TASK GOAL
Whenever a line in the data contains "natural", show that line.

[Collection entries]
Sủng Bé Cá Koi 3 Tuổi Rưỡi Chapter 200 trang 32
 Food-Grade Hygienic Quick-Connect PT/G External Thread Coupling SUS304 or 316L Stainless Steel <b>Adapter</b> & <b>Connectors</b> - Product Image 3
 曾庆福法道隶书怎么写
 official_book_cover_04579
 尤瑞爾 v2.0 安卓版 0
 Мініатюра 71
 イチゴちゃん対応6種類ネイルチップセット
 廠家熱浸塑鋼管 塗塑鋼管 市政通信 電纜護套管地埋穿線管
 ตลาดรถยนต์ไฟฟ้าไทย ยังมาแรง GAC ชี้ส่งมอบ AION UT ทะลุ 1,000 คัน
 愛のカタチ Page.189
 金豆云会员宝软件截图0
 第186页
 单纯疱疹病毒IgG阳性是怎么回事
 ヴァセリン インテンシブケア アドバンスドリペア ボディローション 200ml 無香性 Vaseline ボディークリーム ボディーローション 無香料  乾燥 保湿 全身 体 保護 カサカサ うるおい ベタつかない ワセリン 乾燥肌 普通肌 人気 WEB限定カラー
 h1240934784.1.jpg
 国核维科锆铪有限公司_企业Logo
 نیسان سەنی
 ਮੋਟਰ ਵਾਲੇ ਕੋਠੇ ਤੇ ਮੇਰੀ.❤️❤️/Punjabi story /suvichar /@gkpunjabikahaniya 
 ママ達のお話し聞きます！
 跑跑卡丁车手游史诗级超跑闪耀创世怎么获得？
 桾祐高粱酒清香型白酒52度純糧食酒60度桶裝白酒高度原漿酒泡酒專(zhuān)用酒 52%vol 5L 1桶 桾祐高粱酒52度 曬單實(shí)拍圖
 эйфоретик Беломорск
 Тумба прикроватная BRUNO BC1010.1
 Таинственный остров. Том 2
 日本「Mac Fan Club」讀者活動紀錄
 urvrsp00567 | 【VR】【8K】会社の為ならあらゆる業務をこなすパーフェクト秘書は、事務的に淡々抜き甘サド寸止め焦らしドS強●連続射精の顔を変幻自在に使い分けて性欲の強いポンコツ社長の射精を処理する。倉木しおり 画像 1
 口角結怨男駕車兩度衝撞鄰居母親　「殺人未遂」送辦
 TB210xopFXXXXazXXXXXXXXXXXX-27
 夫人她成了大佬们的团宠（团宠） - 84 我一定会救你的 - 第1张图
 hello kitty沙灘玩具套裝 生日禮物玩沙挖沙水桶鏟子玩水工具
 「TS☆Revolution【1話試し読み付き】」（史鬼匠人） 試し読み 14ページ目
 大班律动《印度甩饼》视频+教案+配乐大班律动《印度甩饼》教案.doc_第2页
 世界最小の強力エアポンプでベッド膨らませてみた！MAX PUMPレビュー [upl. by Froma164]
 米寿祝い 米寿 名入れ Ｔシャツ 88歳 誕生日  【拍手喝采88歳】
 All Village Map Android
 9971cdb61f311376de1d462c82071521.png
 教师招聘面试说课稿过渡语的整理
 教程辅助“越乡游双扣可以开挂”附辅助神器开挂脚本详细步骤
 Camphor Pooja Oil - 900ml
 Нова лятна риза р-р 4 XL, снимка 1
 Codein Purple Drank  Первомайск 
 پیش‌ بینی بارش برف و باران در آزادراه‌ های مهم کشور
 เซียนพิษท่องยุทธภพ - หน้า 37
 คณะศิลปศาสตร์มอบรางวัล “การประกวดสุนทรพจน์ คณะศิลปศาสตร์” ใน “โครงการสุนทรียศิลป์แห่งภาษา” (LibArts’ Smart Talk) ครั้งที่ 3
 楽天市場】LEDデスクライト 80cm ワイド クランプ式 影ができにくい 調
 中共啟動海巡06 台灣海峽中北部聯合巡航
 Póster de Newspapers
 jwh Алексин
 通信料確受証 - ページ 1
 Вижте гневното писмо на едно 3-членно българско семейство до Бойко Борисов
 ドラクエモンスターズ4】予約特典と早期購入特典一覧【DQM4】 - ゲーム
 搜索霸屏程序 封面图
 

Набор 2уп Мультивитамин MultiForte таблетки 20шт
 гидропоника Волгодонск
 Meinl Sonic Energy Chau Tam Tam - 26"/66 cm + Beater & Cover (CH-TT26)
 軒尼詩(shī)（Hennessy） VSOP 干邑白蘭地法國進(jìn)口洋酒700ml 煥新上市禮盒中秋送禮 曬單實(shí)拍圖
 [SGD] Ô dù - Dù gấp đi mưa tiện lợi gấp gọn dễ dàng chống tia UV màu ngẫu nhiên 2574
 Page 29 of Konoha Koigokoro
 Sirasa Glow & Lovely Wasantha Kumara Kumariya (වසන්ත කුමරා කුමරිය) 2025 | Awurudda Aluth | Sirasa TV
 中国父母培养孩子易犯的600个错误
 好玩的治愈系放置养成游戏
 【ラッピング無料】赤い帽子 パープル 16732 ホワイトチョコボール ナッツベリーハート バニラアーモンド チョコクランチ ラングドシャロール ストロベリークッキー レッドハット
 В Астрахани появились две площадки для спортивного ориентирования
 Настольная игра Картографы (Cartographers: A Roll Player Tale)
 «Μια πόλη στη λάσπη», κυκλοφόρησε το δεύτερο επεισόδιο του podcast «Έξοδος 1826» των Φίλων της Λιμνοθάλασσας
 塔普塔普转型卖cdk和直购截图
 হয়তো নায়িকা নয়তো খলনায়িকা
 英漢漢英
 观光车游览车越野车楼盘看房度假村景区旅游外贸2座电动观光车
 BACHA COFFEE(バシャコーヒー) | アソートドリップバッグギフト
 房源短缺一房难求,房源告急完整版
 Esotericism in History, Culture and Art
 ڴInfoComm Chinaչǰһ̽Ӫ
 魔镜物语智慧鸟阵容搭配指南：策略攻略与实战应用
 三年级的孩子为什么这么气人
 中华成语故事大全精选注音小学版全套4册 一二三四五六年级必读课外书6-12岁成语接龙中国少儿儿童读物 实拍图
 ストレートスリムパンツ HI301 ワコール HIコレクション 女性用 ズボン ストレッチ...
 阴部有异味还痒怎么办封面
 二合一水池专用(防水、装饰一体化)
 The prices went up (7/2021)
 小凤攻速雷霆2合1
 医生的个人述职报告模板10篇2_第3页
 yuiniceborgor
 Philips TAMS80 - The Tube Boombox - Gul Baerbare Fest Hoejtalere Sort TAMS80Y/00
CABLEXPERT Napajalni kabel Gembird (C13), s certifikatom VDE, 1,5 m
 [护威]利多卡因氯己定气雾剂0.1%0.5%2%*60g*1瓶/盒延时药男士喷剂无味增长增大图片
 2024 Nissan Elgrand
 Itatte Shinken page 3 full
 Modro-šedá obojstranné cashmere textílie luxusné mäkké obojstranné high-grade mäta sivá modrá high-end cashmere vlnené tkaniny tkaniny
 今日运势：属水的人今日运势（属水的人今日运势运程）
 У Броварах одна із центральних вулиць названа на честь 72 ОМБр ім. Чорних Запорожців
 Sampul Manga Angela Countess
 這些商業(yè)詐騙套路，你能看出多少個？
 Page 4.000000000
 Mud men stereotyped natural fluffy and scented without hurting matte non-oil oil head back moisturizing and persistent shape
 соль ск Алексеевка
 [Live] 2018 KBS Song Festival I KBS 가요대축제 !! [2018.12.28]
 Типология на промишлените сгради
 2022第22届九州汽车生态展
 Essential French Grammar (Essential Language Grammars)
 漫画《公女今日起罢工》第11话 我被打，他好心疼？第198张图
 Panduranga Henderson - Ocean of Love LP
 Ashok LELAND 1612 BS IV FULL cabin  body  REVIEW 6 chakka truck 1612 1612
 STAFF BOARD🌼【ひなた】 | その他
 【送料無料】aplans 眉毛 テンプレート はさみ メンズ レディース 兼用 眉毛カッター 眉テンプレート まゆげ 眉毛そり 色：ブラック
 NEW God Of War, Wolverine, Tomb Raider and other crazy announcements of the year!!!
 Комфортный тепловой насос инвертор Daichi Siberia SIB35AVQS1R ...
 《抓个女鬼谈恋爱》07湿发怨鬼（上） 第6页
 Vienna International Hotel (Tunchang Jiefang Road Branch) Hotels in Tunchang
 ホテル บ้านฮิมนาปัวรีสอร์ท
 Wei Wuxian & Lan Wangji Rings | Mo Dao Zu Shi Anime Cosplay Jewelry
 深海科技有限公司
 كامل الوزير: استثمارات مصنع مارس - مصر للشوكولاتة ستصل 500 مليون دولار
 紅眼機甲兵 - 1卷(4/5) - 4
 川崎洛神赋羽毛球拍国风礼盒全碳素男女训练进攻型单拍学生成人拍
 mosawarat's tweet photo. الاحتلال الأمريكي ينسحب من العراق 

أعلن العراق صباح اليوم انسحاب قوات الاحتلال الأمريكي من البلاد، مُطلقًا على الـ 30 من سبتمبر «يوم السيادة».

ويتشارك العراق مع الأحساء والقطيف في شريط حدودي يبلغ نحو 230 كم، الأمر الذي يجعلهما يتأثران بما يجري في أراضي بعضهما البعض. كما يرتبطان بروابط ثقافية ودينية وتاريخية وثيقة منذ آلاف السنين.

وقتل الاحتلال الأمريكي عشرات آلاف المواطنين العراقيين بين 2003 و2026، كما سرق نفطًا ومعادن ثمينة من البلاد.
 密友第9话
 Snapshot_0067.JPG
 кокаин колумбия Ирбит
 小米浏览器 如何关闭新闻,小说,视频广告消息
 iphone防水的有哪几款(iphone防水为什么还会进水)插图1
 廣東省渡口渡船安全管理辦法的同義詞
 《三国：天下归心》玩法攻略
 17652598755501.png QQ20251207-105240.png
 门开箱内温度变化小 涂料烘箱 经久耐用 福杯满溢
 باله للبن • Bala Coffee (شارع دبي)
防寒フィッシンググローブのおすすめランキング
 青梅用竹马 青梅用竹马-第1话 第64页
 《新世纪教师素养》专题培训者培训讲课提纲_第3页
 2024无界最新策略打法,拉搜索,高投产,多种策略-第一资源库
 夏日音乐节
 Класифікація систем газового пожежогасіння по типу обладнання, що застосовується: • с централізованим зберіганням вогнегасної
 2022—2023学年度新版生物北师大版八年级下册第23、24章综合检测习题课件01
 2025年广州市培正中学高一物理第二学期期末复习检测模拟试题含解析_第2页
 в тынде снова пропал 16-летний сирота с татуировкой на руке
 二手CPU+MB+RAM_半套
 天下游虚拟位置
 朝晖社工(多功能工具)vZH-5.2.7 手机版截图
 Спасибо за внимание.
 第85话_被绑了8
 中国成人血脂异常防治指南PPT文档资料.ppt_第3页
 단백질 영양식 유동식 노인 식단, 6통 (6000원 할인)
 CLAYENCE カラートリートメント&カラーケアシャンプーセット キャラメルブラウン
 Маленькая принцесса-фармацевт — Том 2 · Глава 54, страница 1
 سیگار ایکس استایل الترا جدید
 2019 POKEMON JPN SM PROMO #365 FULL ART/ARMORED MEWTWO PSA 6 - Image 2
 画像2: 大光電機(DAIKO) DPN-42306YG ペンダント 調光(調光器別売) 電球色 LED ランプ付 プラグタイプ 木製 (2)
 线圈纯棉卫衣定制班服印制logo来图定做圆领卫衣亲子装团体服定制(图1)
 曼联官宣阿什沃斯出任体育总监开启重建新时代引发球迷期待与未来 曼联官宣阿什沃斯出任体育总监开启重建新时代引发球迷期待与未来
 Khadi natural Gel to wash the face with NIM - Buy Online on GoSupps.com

ANSWER BELOW
 Mud men stereotyped natural fluffy and scented without hurting matte non-oil oil head back moisturizing and persistent shape
 Khadi natural Gel to wash the face with NIM - Buy Online on GoSupps.com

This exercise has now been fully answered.